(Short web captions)
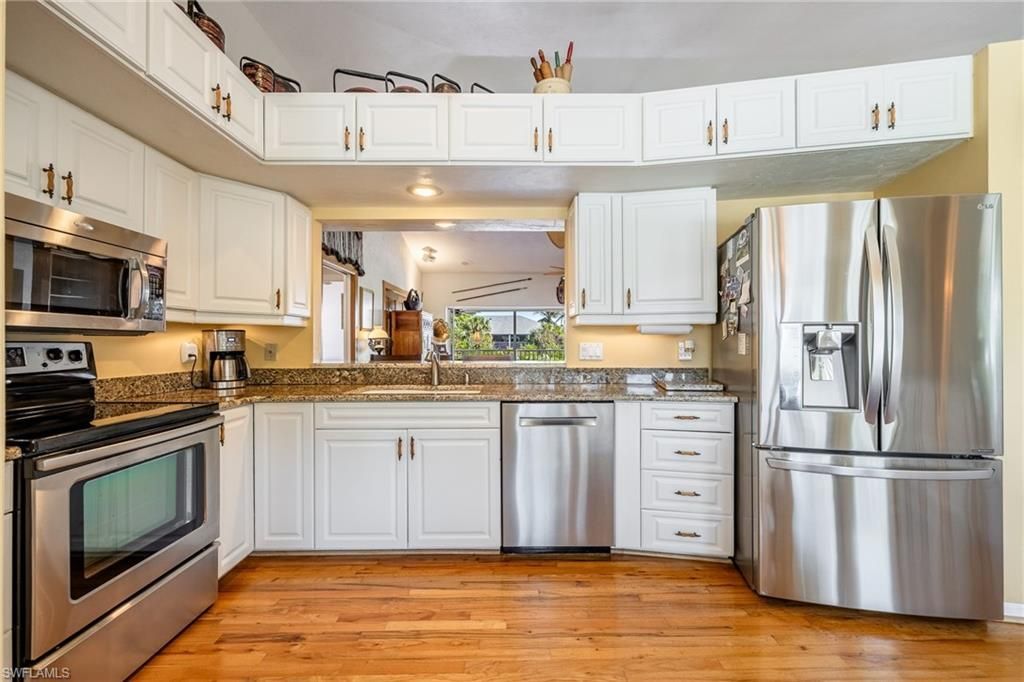 27773 Forester Dr, Bonita Springs, FL 34134 Photo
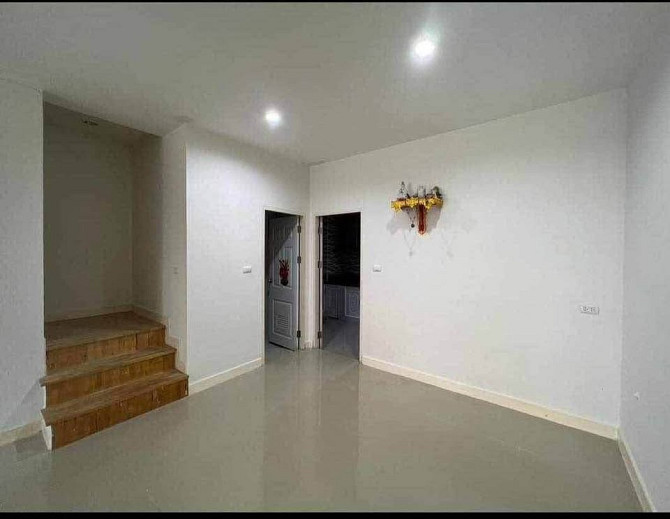 3 Bedroom Townhouse for Sale in Sucharee Village Phuket - photo 4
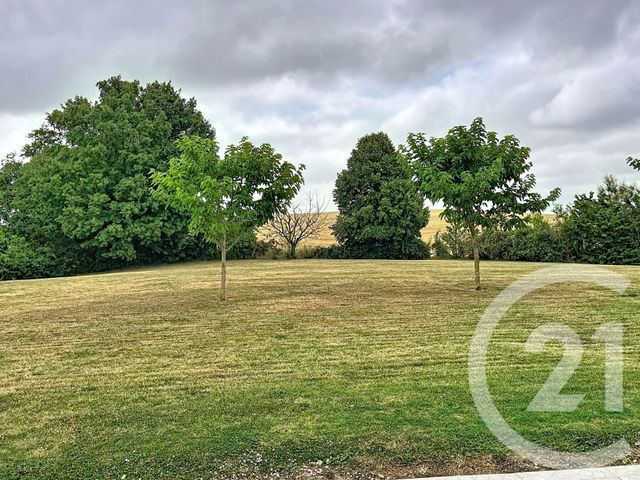 Maison &agrave; louer - 3 pi&egrave;ces - 77,56 m2 - Marsac - 82 - MIDI-PYRENEES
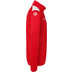 Kempa Emotion 27 Poly Jacket Herren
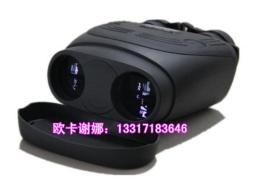 紐康LRB3000PRO 正品紐康測距儀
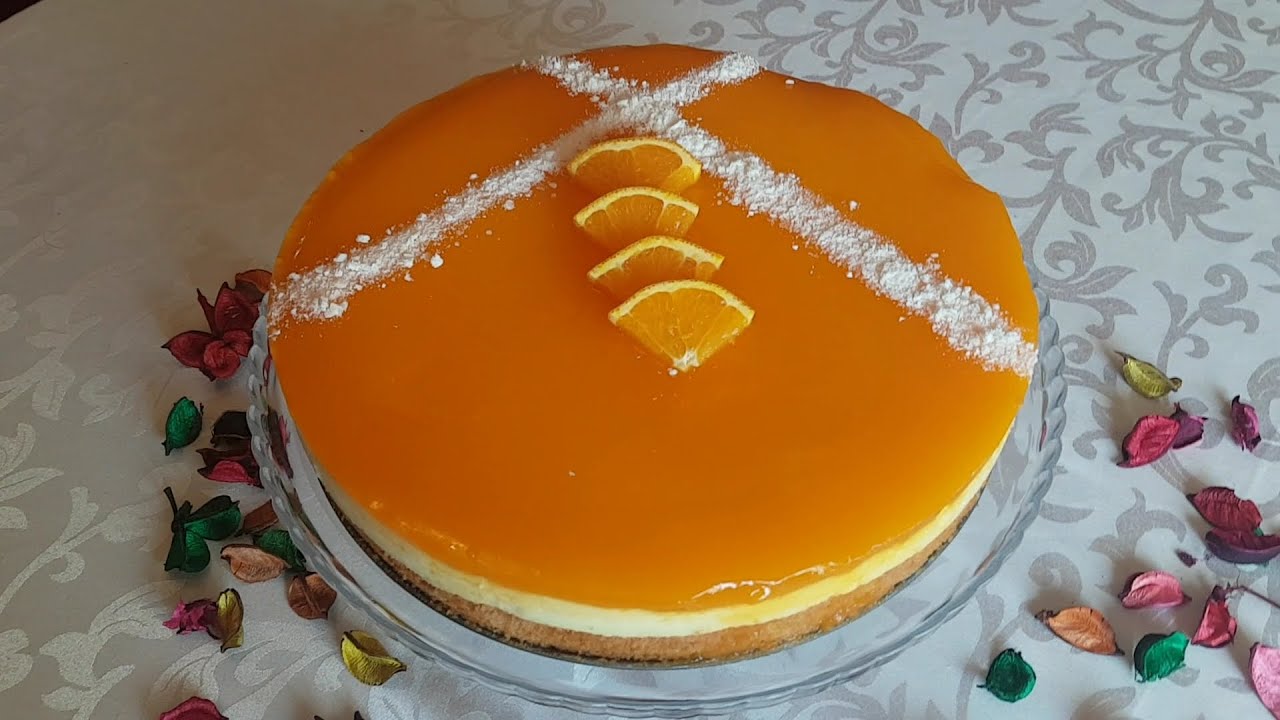 ب 2 بيضااات فقط😱!!  حضري أروع كيك🍰  ب 3 طبقات  هائلة وبمقادير متوفرة في البيت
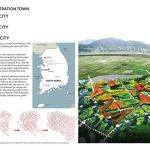PAT, Sejong, Korea By Balmori Associates - Sheet1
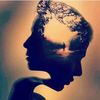 telepathy تخاطر الارواح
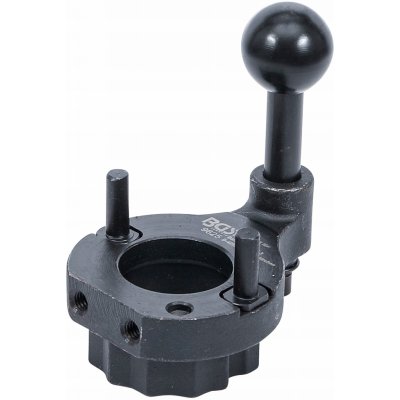 9625 Aretace klikové hřídele VAG 1.4, 1.6 a 2.0 TDI CR diesel EA288 - BGS 9625 – Zboží Mobilmania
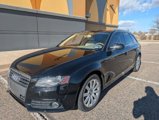 Used 2011 Audi A4 2.0T Premium Plus image 3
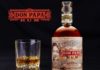 Přečtěte si původ, druhy a kde koupit Don Papa rum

ASSIGNMENT:
Exactly as written, restate the lines from the one that contains "Kempa Emotion 27 Poly Jacket Herren" through the final line of the data, both ends included, but leave out the pictures.

RESPONSE TO THIS TASK:
 Kempa Emotion 27 Poly Jacket Herren
 紐康LRB3000PRO 正品紐康測距儀
 ب 2 بيضااات فقط😱!!  حضري أروع كيك🍰  ب 3 طبقات  هائلة وبمقادير متوفرة في البيت
PAT, Sejong, Korea By Balmori Associates - Sheet1
 telepathy تخاطر الارواح
 9625 Aretace klikové hřídele VAG 1.4, 1.6 a 2.0 TDI CR diesel EA288 - BGS 9625 – Zboží Mobilmania
 Used 2011 Audi A4 2.0T Premium Plus image 3
 Přečtěte si původ, druhy a kde koupit Don Papa rum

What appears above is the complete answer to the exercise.